It had been my idea to spend an evening in the historic hilltop town of Castellabate listening to La Small Cluster Band playing ‘Concerto Swing’ after seeing a poster advertising the event on a wall. What could be more sophisticated, I thought, than an evening of live music in Castellabate, which boasts of being the most beautiful town in Italy.

I booked a table at the most idyllic restaurant there and told Luigi we would not be dining in the hotel that night. Luigi was not impressed. ‘But you have to see the Madonna,’ he protested. ‘The procession is tonight.’

Uh-oh. This was a dilemma. La Small Cluster Band clashed with the festival of the  Madonna del mare in the neighbouring town where our hotel is. Every July they carry the statue of Mary down from the church into the harbour, on to a boat, then they sail around the bay with it, sail back and carry her up to the church again late at night with a band and all sorts of kerfuffle culminating in fireworks.

I have seen this marvellous ceremony many times, in various Italian towns, and what I almost wanted to say to Luigi was: ‘Once you’ve seen one Madonna being carried up a hill, you’ve seen them all.’

Shocking, I know. As a good Catholic girl I should be thoroughly ashamed. But I had been so pleased with myself for discovering La Small Cluster Band and what I thought would be a night of sophisticated entertainment. So I stuck to my guns and told Luigi that this year we would not be watching the Madonna. I should have known God would be angry.

We had a very nice meal of seafood pasta and tuna steak with ratatouille in the Cantina Belvedere. And as we wandered up the cobbled path to the magically lit Castello dell’Abate it looked as if I had pulled off a really classy evening.

But once we took our seats it became clear that the reason the stage was empty, despite the advertised hour of 9.30 p.m. having passed, was that La Small Cluster Band, which wasn’t all that small, was clustered at the side of the stage eating pizza. There were about 15 of them having a whale of a time, laughing and joking.
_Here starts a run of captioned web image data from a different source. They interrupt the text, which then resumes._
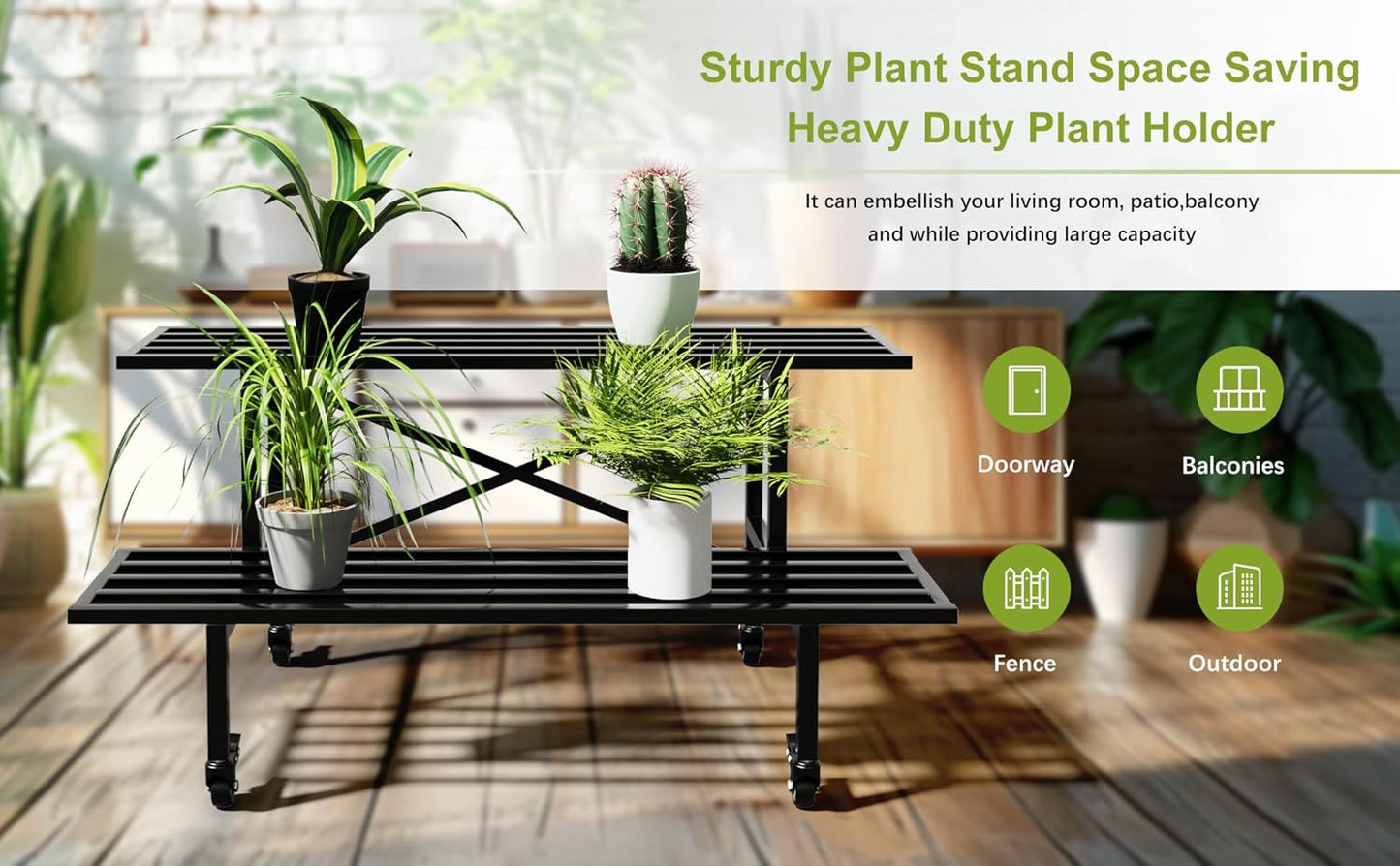 Zhongma 2 Tier Sturdy Metal Plant Stand with Wheels, L35.43 x W17.5 x H16.14 inch, Heavy Duty Plant Holder for Home Indoor and Outdoor,440 LBS Capacity & Heavy Duty Construction
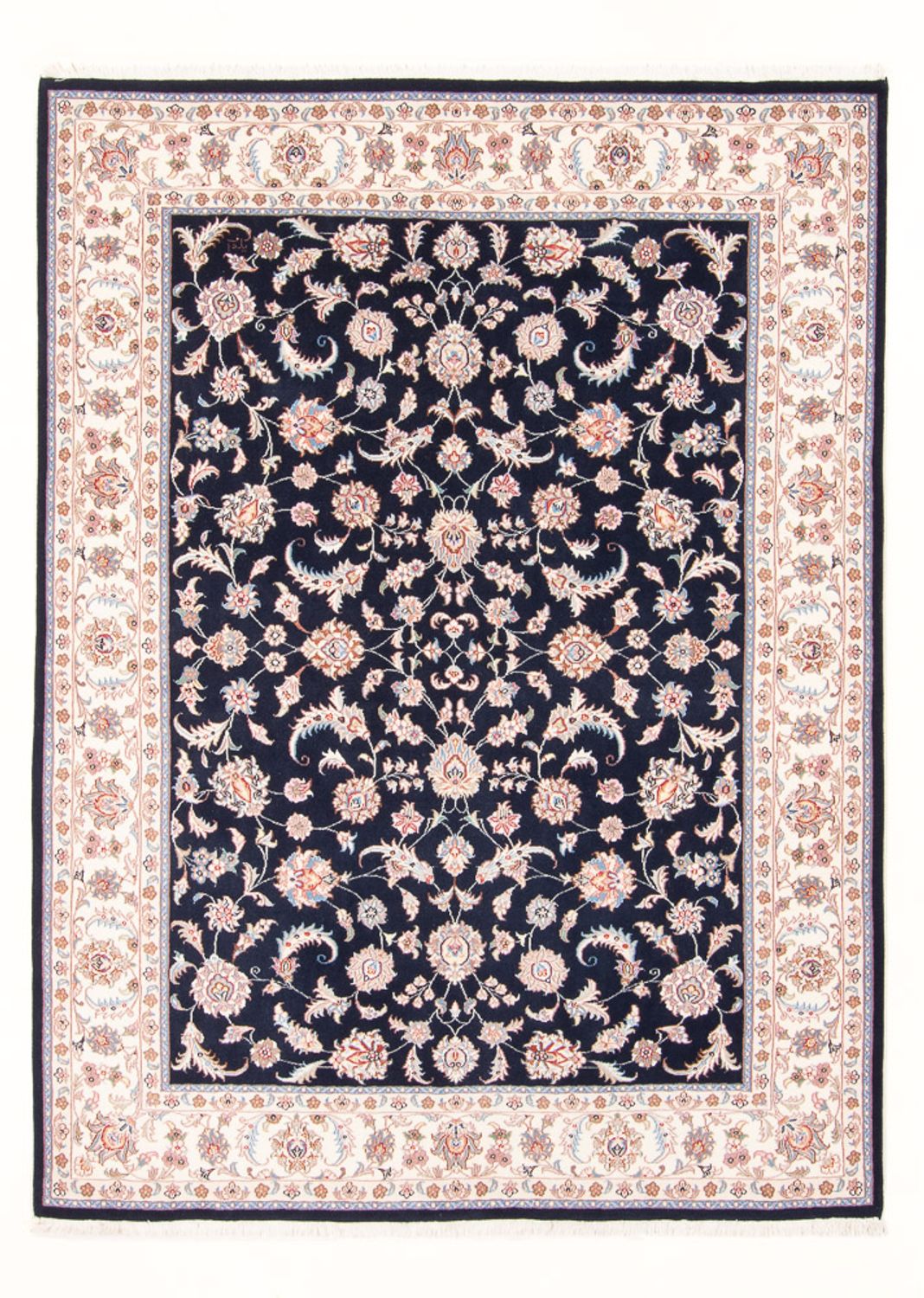 Persisk tæppe - Tabriz - Royal - 201 x 150 cm - mørkeblå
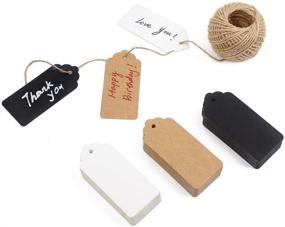 img 2 attached to Premium Rectangular Gift Tags: 150pcs, 3 Colors with Natural Jute Twine – Perfect for Christmas, Weddings, Birthdays & Thanksgiving Gifts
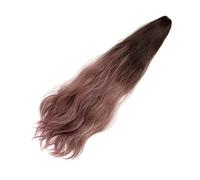 SHOWERORO Gradient Color Wavy Ponytail Wig with Invisible Small Claw Clip, Long Curly Hair Extension for Women, Natural Dark Brown to Pink Ombre Hairpiece for Styling and Daily Wear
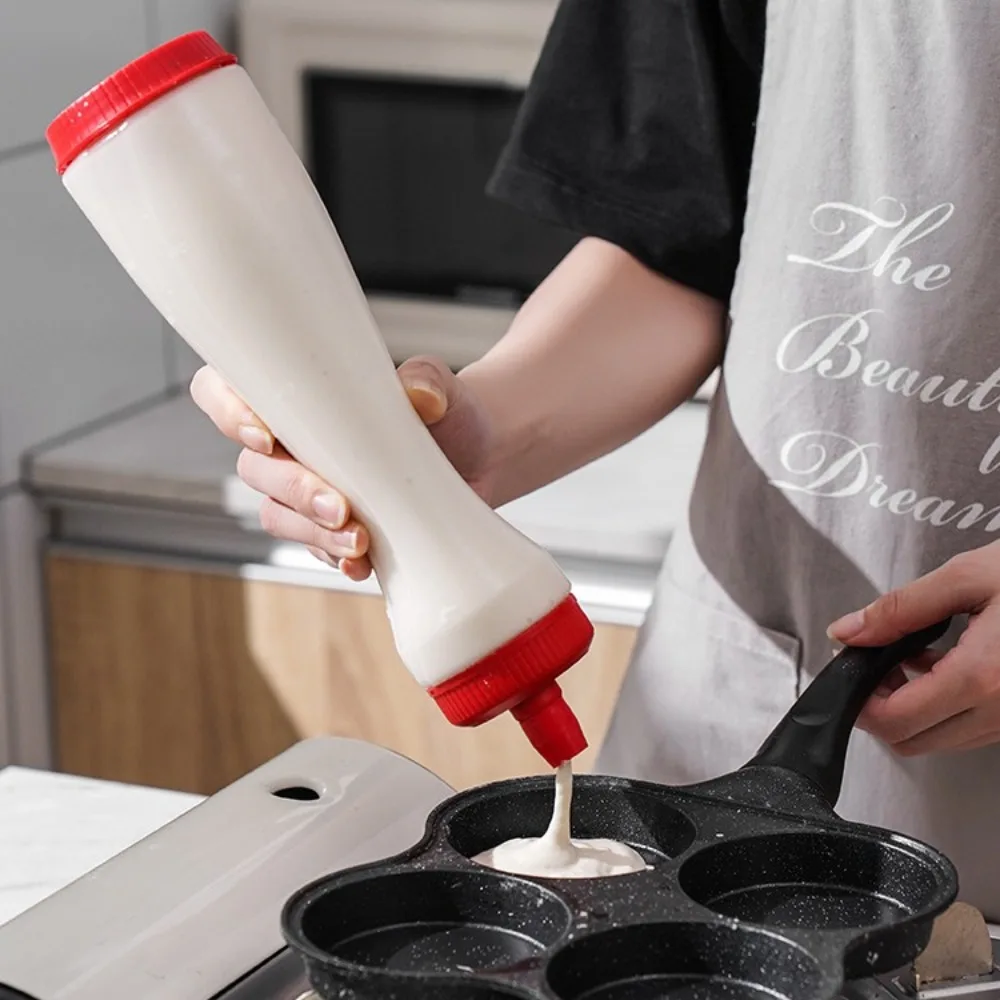 

With Lid Pancake Dispenser Large Capacity Visible Bottle Body Batter Mixing Bottle Plastic 700ml Sauce Bottle Pancake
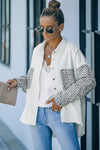 White Contrast Leopard Denim Jacket-Outerwear-MomFashion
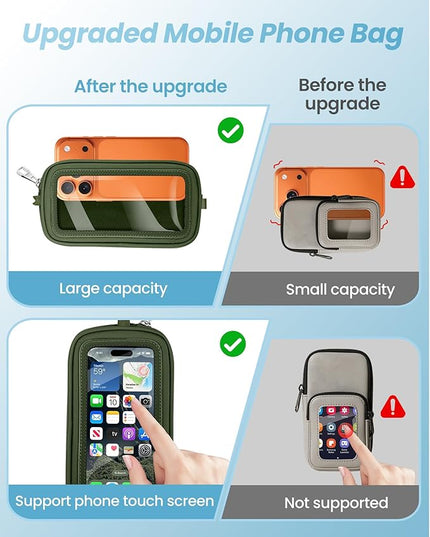 SHANSHUI Clip and Go Phone Strap Wallet Crossbody Phone Lanyard, Detachable Wristlet Strap with Zipper Phone Screen ID Window, 2 Pcs Metal Tether Pads Compatibe for iPhone & Most Smartphones Green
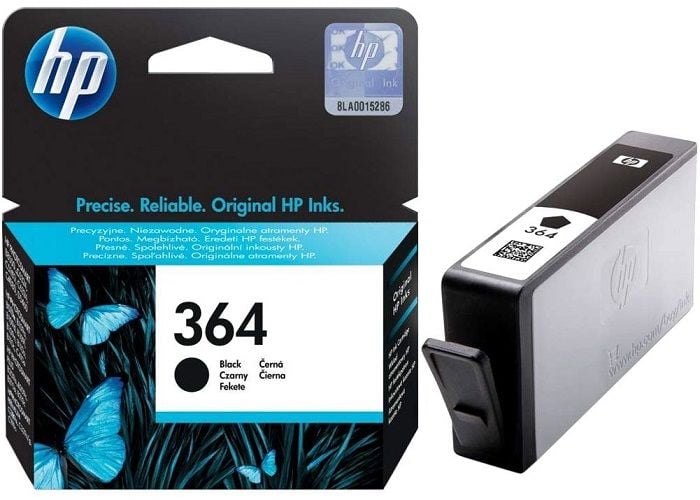 HP 364-CB316EE (DeskJet 3070A-3522-3524/OfficeJet 4622/Photosmart 5510-5514-5515-6510-7510-B109a-B109d-B109f-B109n-B110a-B110c-B110e-B209a-B209c-B210a-B210c-B8550-C309a-C309g-C310a-C410b-C5380-C6380-D5460) Orjinal Siyah Kartuşu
After about half an hour, they casually took to the stage and launched into the most out of tune rendition of ‘Fly Me to the Moon’ I have ever heard. They weren’t even playing the right notes in the wrong order. They were playing the wrong notes in the wrong order.

The biggest problem was the trumpet section — two young guys with slicked back hair who had obviously spent much longer in front of the mirror than they had behind their trumpets. Each time they put their instruments to their mouths, the audience cowered as we braced ourselves for a volley of bum notes.

It was sufficiently bad that the words ‘small cluster bomb’ entered my head as they murdered ‘Take the A Train di Billy Strayhorn!’

At the interval we got up and left. On the way back to the hotel we stopped by the harbour to see if the Madonna had finished her journey. She had. The concluding fireworks were writing our blasphemous betrayal into the sky. Guiltily, we bought an ice cream and wandered back to the car.

It wasn’t until the next morning that my mother noticed the parking ticket we had been served in Castellabate. It was tucked under the back wiper. ‘You see!’ I panicked. ‘God is angry we snubbed the Madonna!’

My mother exhorted me to stay calm. She pointed out that we have had parking tickets in Italy before, and have always managed to haggle them down by arguing at the police station. But this one had come just before our departure, so would be an awful drag to deal with.

While shopping for a gift to take back for the builder boyfriend, I asked the opinion of the owner of the local menswear store.

‘You want that I help you with this?’

‘That would be great,’ I said, thinking he was going to ring the phone number on the back. But the man simply ripped the ticket in half.

‘We get this all the time. We don’t pay. If we pay, we would have no money.’

Somehow, amid all their chaos, the Italians manage to make perfect sense.